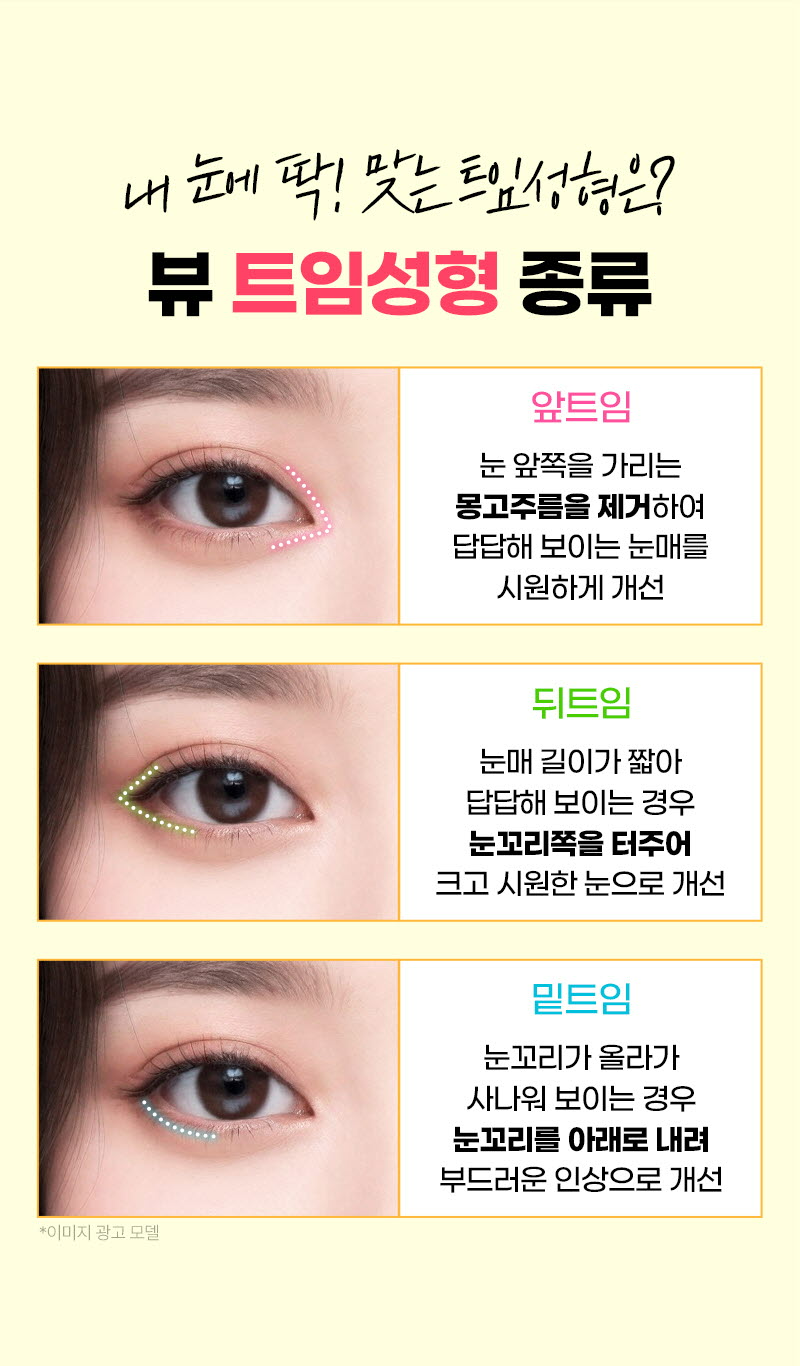 뷰성형외과 ❤️뷰❤️오픈 트임  이벤트, 시술 상세 이미지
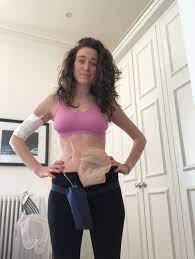 Stories highlight personal bowel cancer experiences, raise awareness of the signs and symptoms and can encourage and inspire others. Olivia Rowlands Never Too Young Bowel Cancer Uk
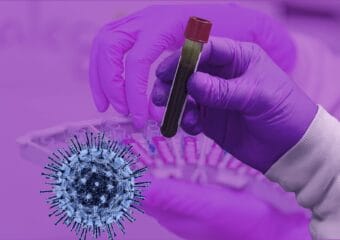 कोरोनाको भ्याक्सिन तयार हुन अझै १८ महिना लाग्न सक्छ : डब्ल्युएचओ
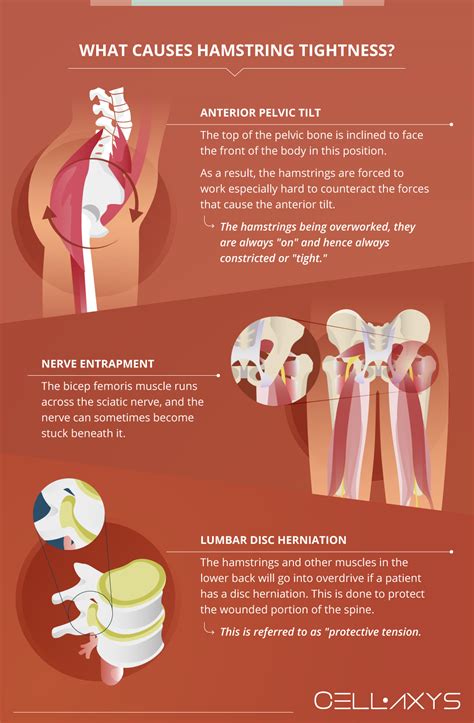 Knee Pain: Can Tight Hamstrings Cause Knee Pain? - Cellaxys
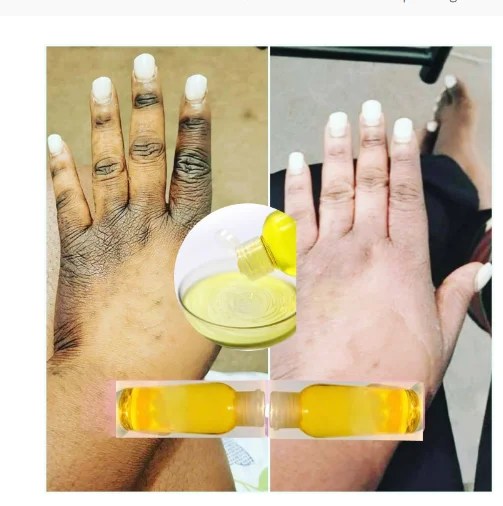 Luxury Booster Whitening Cream Peeling Skin Oil Black Skin Whitening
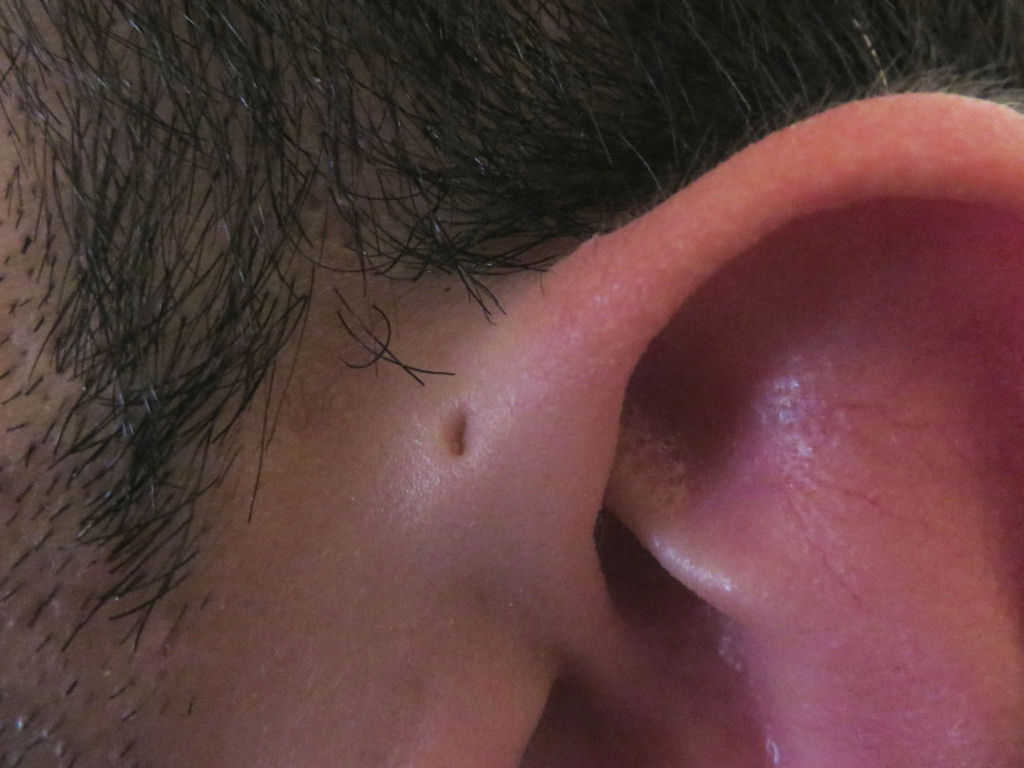Por que algumas pessoas têm um pequeno furo extra na orelha?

### Task prompt
Leaving each image aside, repeat the listing above exactly.

### Solution below
 뷰성형외과 ❤️뷰❤️오픈 트임  이벤트, 시술 상세 이미지
 Stories highlight personal bowel cancer experiences, raise awareness of the signs and symptoms and can encourage and inspire others. Olivia Rowlands Never Too Young Bowel Cancer Uk
 कोरोनाको भ्याक्सिन तयार हुन अझै १८ महिना लाग्न सक्छ : डब्ल्युएचओ
 Knee Pain: Can Tight Hamstrings Cause Knee Pain? - Cellaxys
 Luxury Booster Whitening Cream Peeling Skin Oil Black Skin Whitening
Por que algumas pessoas têm um pequeno furo extra na orelha?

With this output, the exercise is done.